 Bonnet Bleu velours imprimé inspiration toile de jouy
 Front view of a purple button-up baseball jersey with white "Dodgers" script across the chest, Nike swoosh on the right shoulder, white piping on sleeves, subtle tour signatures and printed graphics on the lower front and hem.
--
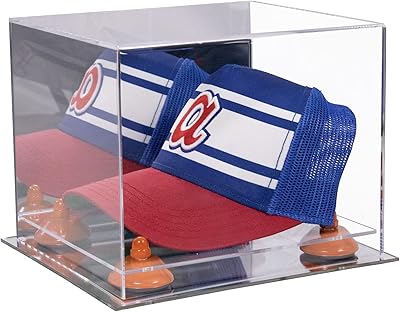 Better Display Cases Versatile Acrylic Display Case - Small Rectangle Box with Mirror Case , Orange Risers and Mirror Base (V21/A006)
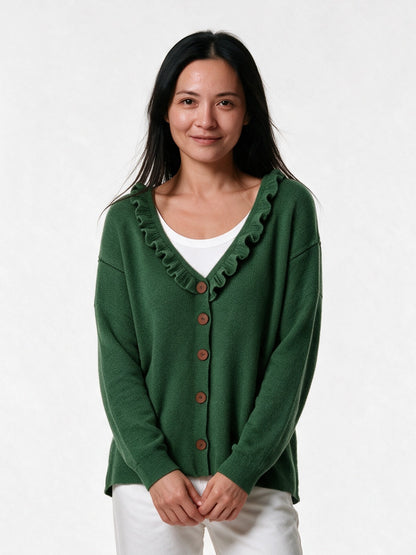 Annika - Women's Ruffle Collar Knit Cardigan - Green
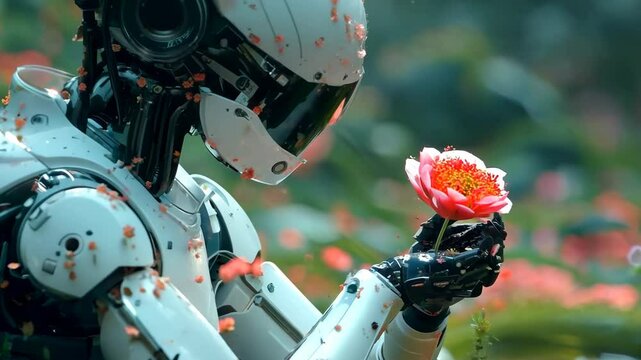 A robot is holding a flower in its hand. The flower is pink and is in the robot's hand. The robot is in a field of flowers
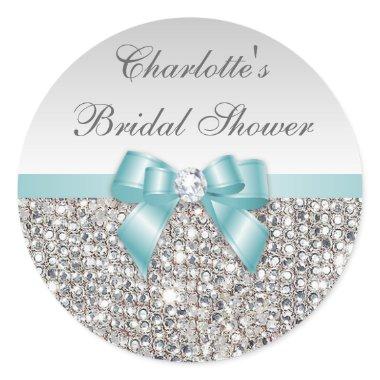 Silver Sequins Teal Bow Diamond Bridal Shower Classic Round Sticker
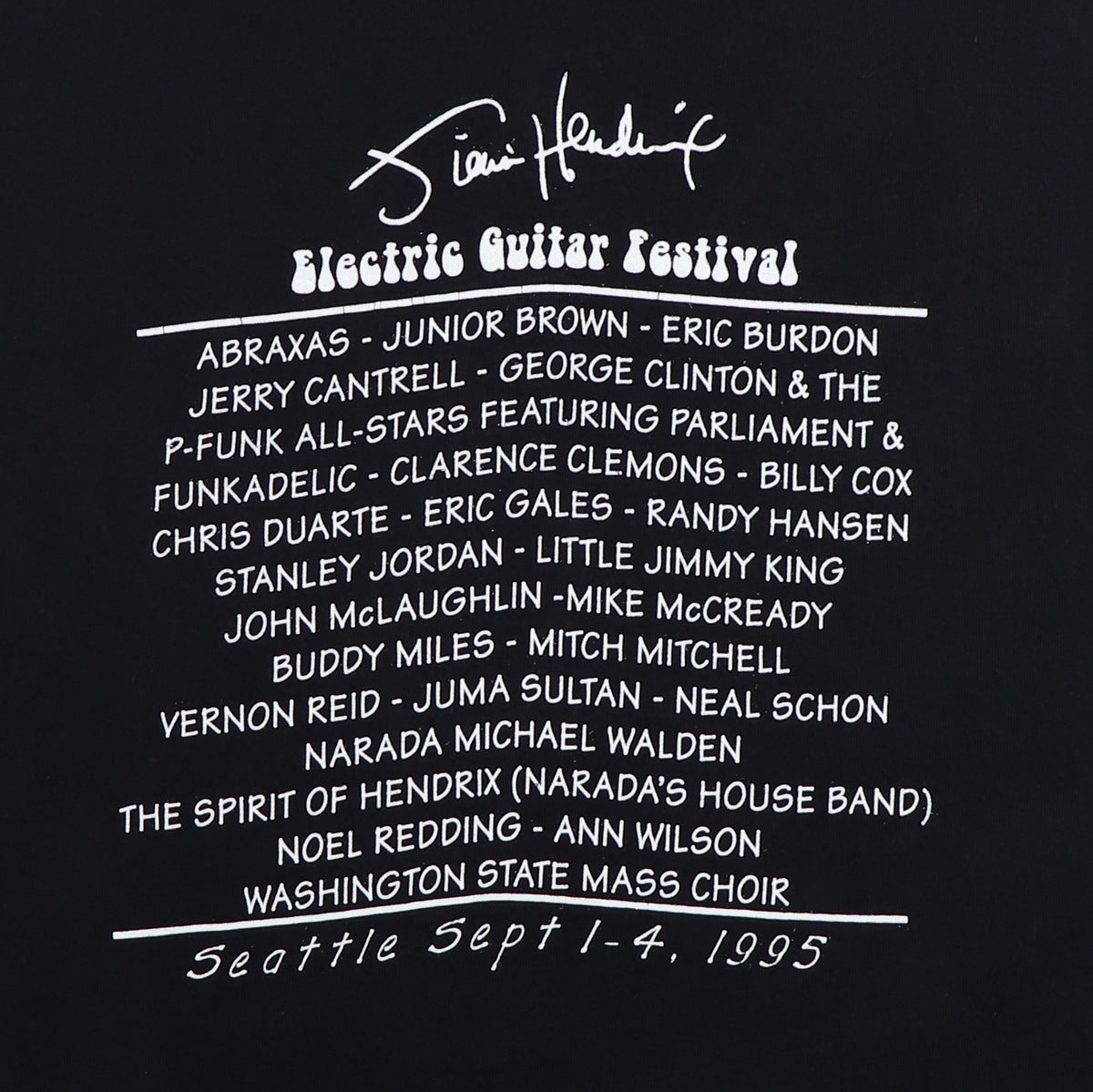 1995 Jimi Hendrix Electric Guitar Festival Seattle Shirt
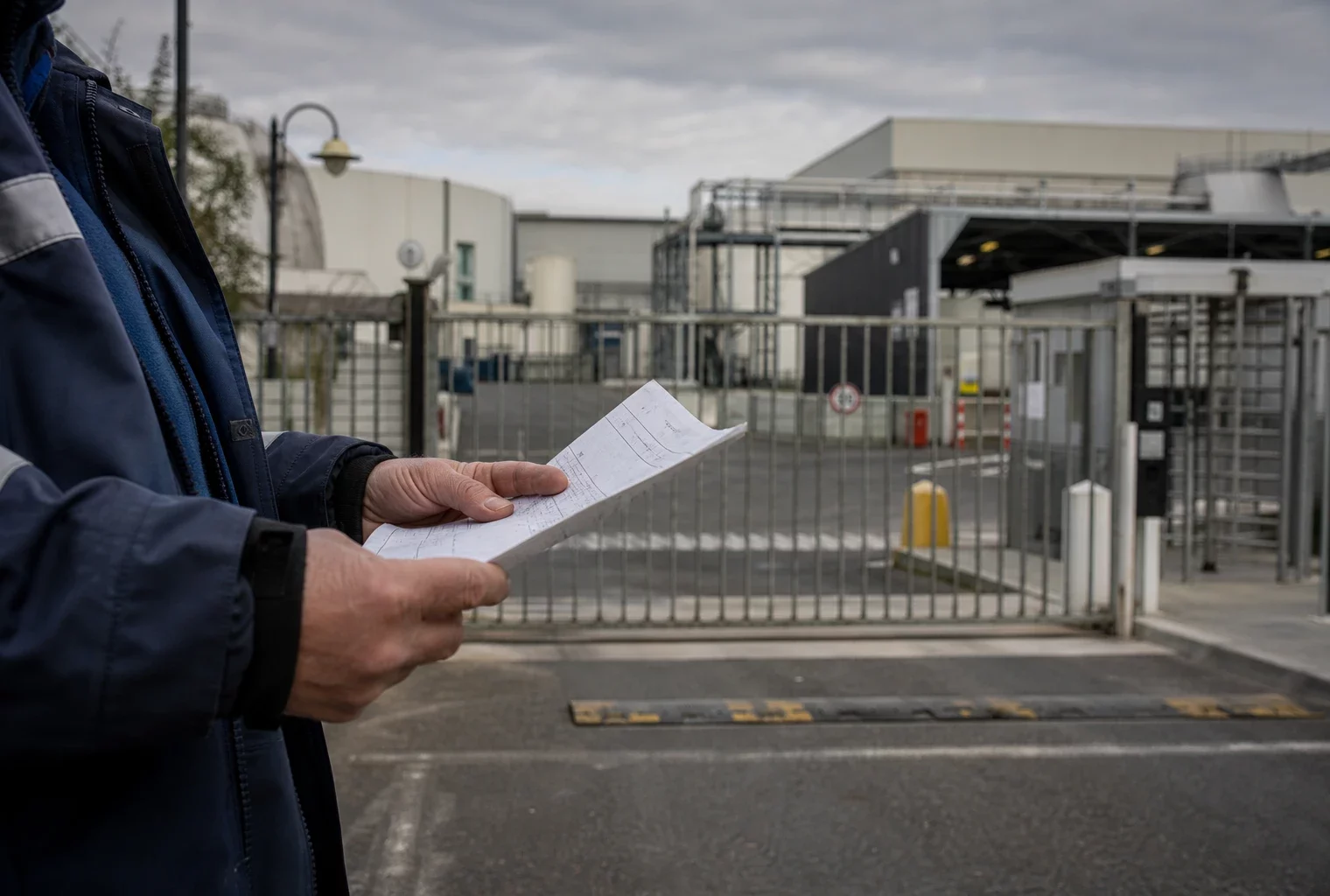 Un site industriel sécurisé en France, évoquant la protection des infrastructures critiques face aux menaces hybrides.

## What is expected
In the entries above, find the line with "1995 Jimi Hendrix" and the line with "Un site industriel". Write out exactly those two lines and every line between them, pictures excluded.

## Task answer
 1995 Jimi Hendrix Electric Guitar Festival Seattle Shirt
 Un site industriel sécurisé en France, évoquant la protection des infrastructures critiques face aux menaces hybrides.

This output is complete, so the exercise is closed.